> ASSIGNMENT
In the entries below, begin at the line that has "2015 Papo Apatosaurus", stop after the line that has "Dámské kalhotky Victoria's", and output those lines exactly with no pictures.

> EXTRACTED MATERIAL
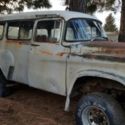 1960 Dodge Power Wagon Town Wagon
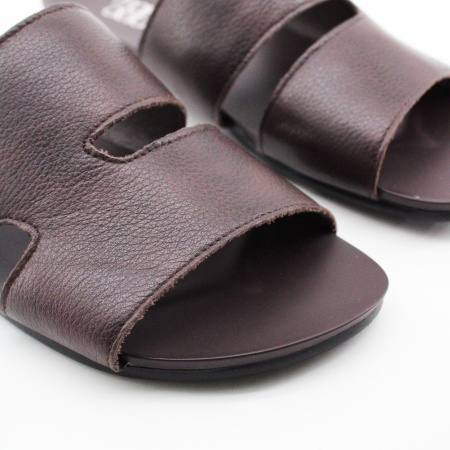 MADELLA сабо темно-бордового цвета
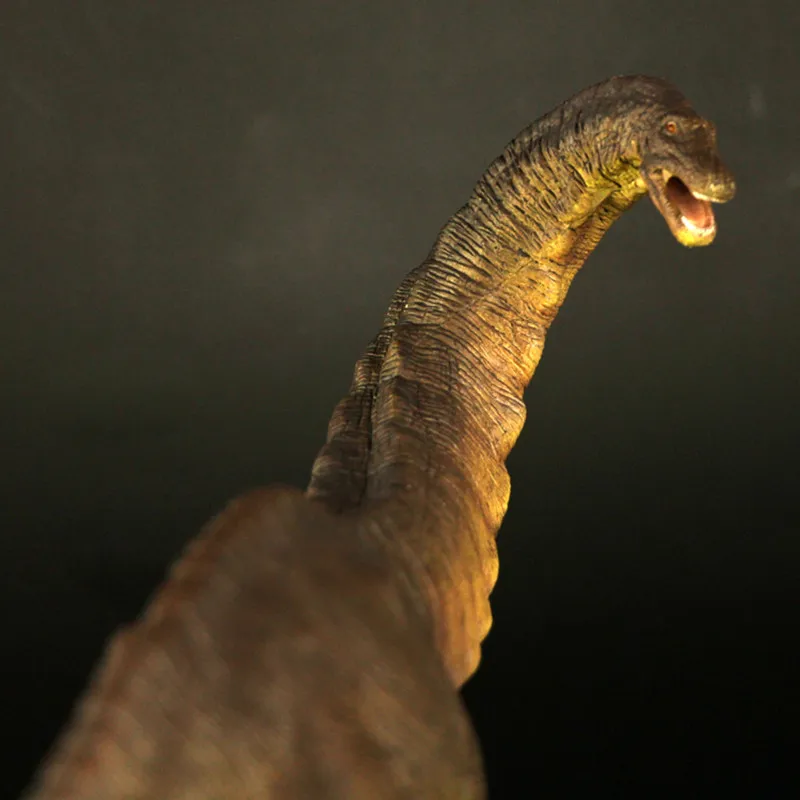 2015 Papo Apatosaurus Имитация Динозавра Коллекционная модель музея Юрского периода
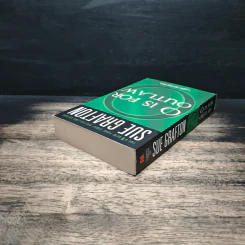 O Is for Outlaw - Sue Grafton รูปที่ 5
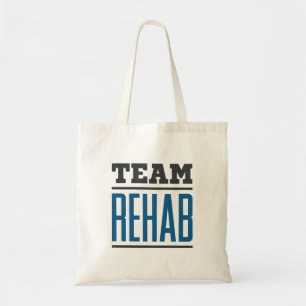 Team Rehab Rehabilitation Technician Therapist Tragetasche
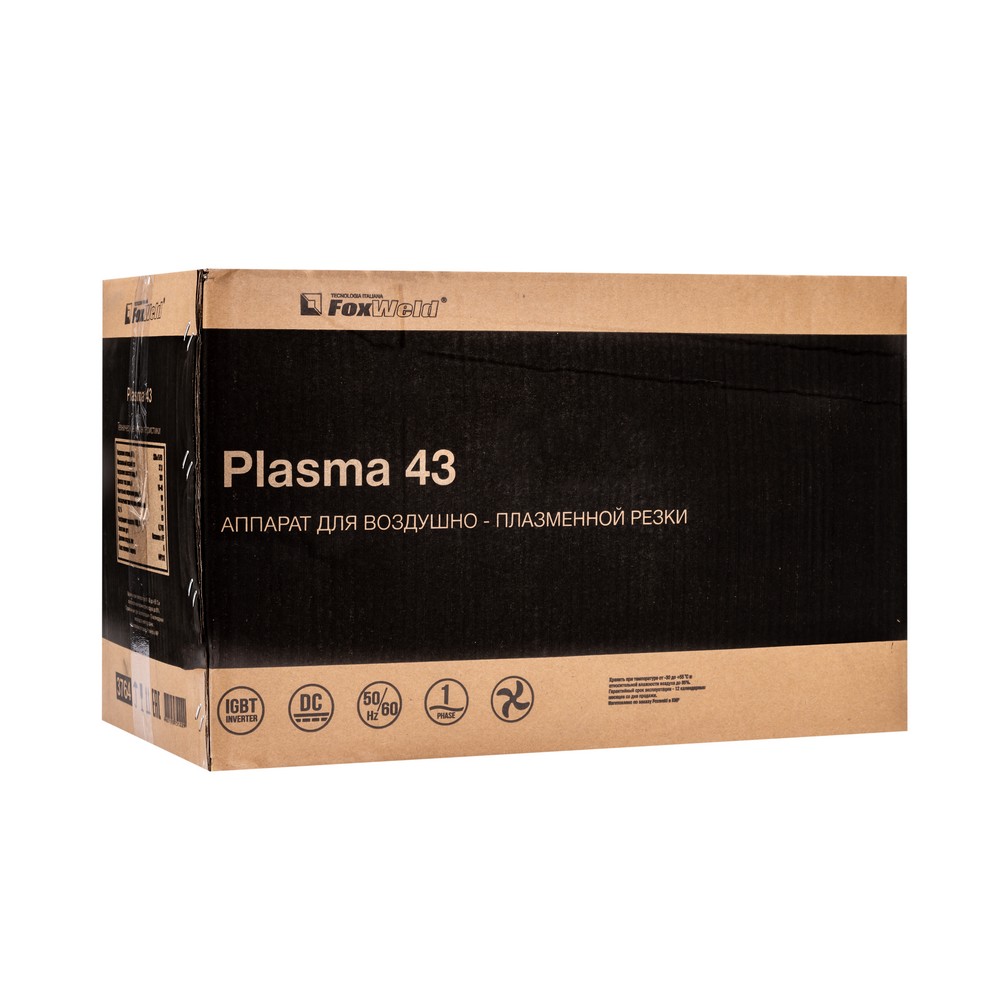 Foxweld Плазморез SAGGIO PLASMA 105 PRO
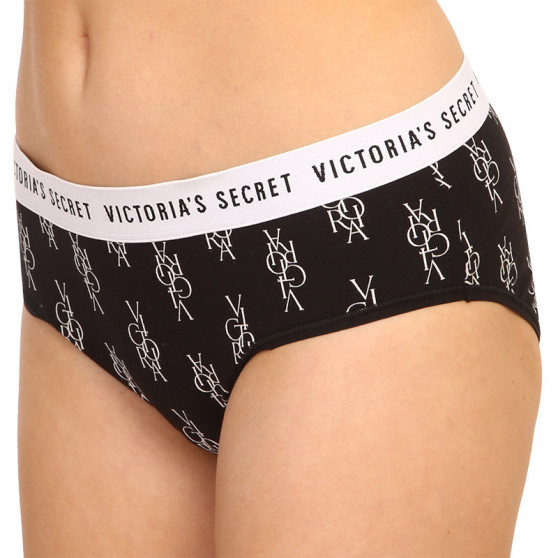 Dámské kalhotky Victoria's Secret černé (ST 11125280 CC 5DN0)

...

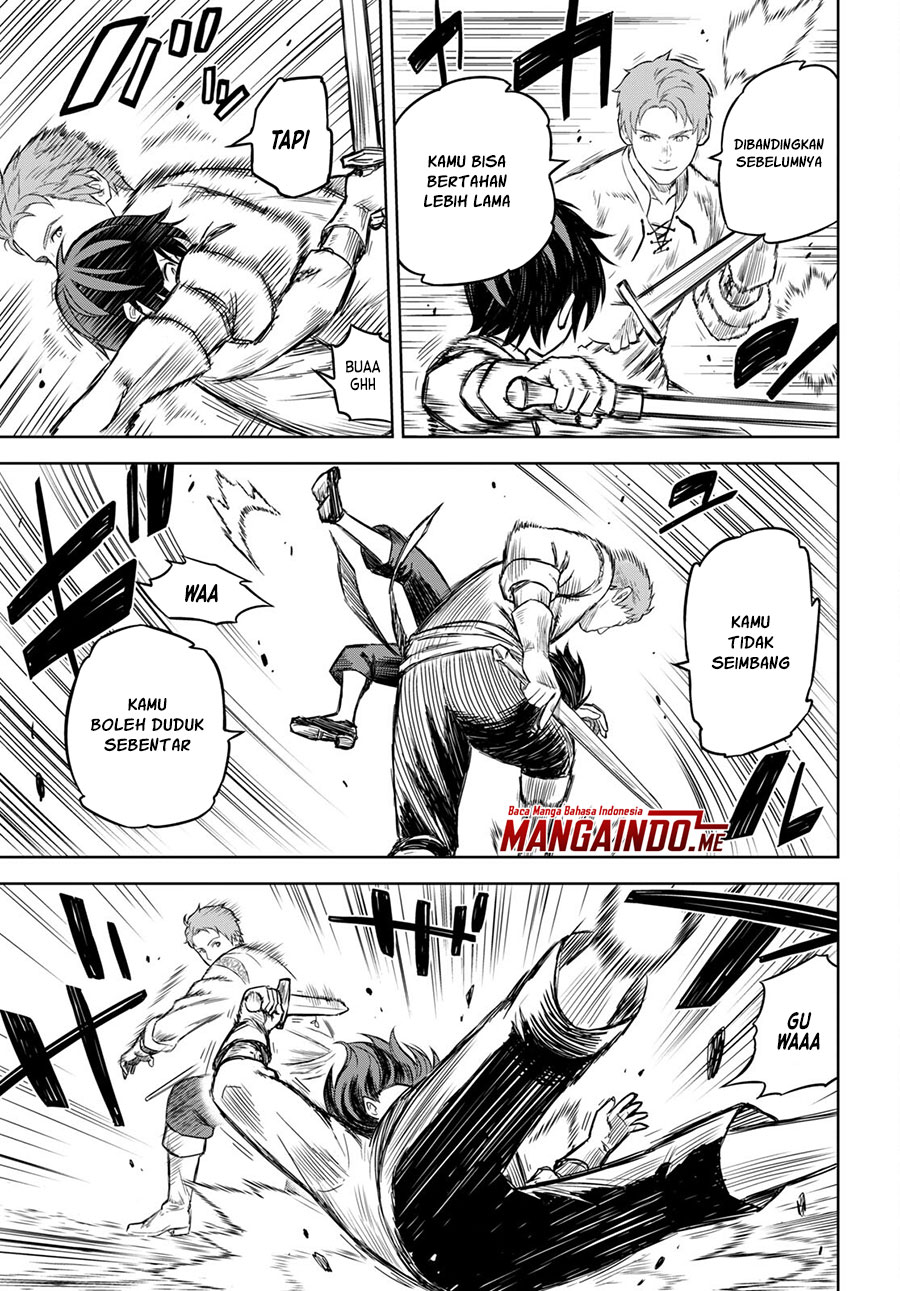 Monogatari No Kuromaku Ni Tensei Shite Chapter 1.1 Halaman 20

> EXERCISE ANSWER
 2015 Papo Apatosaurus Имитация Динозавра Коллекционная модель музея Юрского периода
 O Is for Outlaw - Sue Grafton รูปที่ 5
 Team Rehab Rehabilitation Technician Therapist Tragetasche
 Foxweld Плазморез SAGGIO PLASMA 105 PRO
 Dámské kalhotky Victoria's Secret černé (ST 11125280 CC 5DN0)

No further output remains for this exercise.